バスは急カーブの坂道を上りはじめると、シチリア州の州都パレルモの街が見えてきた。
ここには、パレルモの守護聖人ロザリアが遁世した洞穴教会がある。
バスが教会の前に着くと、そこには多くのお土産屋からカフェがあり、かなりの観光地であることに驚く。
そそりたつ岩場にクリーム色の建物が食い込んでいる。中に入り石のタイルを歩くと奥に洞穴の入口があった。
洞穴の天井には、あちこちにブリキの板が見える。
それは、天井から滴り落ちる水を集めるためのもので、水は石の桶に貯まっていた。石桶をじっと見ていると、時折、ポタッと水が落ちる。聖なる水だ。
しばらくして、ミサが行われた。
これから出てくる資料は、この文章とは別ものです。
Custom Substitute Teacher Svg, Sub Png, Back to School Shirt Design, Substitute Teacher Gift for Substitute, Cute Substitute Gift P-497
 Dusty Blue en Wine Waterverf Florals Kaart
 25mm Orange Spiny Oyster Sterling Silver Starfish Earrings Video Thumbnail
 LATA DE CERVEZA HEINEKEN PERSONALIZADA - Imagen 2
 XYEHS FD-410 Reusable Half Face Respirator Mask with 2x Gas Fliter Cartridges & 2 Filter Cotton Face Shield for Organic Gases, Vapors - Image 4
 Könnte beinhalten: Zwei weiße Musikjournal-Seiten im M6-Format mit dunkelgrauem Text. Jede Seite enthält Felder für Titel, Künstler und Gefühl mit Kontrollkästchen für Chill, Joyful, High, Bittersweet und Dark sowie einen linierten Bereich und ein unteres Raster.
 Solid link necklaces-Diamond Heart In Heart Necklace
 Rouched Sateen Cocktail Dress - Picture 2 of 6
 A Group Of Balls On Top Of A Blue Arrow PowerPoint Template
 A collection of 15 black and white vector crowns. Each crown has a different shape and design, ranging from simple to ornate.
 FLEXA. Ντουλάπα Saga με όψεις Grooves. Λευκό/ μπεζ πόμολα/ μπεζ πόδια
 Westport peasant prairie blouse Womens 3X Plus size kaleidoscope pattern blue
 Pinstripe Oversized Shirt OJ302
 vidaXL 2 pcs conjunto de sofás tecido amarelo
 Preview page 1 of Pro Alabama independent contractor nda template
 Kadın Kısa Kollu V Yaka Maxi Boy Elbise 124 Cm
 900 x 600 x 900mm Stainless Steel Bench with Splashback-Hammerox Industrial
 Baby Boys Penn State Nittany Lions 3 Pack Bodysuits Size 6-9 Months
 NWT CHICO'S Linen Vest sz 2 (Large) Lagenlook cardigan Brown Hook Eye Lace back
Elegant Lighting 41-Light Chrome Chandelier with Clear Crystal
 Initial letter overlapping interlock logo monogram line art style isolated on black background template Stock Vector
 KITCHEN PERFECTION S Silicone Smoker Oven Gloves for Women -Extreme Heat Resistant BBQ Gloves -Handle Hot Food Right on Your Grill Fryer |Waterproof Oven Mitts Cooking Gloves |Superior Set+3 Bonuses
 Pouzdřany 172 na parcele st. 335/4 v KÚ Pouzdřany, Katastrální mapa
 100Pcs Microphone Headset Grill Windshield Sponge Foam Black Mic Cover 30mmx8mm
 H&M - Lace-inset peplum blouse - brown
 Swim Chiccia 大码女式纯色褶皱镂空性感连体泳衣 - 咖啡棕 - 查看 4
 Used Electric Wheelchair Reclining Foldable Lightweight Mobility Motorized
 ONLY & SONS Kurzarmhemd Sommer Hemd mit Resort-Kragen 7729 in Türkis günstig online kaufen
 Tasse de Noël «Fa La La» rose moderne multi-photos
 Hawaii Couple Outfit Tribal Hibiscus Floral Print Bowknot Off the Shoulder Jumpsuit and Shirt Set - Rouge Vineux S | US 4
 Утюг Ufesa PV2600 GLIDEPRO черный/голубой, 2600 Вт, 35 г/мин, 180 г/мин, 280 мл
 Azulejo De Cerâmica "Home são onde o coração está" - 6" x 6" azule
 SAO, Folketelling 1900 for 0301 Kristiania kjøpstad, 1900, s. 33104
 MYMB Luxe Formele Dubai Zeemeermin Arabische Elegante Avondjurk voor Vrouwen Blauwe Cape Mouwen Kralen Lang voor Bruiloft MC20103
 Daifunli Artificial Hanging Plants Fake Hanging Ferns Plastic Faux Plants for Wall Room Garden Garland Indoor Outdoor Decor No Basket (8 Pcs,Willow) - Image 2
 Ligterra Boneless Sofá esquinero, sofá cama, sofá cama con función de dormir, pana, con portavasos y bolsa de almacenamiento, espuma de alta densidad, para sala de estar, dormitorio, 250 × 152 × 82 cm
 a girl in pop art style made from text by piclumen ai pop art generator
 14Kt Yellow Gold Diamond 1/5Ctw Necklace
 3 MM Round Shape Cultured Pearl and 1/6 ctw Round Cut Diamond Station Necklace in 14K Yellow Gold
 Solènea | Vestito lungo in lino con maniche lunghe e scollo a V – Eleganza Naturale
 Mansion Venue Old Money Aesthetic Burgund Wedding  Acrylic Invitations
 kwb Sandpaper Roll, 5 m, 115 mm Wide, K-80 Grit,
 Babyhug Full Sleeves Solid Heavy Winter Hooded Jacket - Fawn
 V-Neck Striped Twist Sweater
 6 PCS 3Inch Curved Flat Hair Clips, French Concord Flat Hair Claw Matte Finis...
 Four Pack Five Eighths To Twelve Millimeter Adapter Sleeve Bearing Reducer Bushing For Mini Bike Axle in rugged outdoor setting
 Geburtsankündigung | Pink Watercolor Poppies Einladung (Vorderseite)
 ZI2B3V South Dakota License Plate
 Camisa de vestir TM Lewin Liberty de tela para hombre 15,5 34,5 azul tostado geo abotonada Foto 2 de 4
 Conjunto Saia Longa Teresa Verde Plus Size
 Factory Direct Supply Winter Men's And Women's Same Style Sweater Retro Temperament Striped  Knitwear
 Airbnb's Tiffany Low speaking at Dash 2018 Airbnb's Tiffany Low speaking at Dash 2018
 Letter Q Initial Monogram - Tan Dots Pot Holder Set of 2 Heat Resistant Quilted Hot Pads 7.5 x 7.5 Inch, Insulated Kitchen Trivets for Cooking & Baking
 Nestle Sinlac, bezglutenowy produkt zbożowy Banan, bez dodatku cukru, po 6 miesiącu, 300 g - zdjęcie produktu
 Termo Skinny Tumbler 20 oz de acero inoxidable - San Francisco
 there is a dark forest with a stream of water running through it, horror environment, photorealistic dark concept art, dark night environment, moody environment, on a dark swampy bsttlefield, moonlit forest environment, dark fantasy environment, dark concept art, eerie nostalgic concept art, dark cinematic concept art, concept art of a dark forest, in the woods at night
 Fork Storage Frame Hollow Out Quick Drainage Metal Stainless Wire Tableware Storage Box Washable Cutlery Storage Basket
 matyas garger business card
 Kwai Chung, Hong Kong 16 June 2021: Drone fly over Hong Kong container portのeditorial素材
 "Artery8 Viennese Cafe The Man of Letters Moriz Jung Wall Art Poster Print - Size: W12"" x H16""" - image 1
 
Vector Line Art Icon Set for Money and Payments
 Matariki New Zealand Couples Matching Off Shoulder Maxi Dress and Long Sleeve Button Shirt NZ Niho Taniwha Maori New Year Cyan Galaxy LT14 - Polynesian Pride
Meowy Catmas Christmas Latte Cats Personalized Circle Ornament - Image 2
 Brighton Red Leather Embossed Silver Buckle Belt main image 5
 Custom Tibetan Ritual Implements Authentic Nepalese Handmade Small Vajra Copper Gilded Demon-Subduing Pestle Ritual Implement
30人もの人々が神父の話に耳を傾けていた。
聖ロザリアとは、伝説によれば1130年にカール大帝の末裔のノルマン貴族の家系に生まれ、信仰も篤くベッレグリーノ山の洞窟で隠遁して暮らし、1186年年に亡くなったとされる。
1624年、パレルモにペストが流行した時、病気の女性の前にロザリアが出現し、猟師の前に出現した時、彼女は自分の遺骨の在り処を示し、行列を作って町に進み彼女の遺骨をパレルモまで運ぶように命じたという。
それによって猛威を振るっていたペストがぴたりと治まったという。その翌年、洞穴の教会が創建された。
パレルモでは7月15日、フェスティーノと呼ばれる聖ロザリアを祝福するお祭りがある。遺骨を乗せた山車でパレルモを行進するのだ。
洞穴の入口にドクロを持った女性像がある。これは、聖ロザリアを象徴しているように見えた。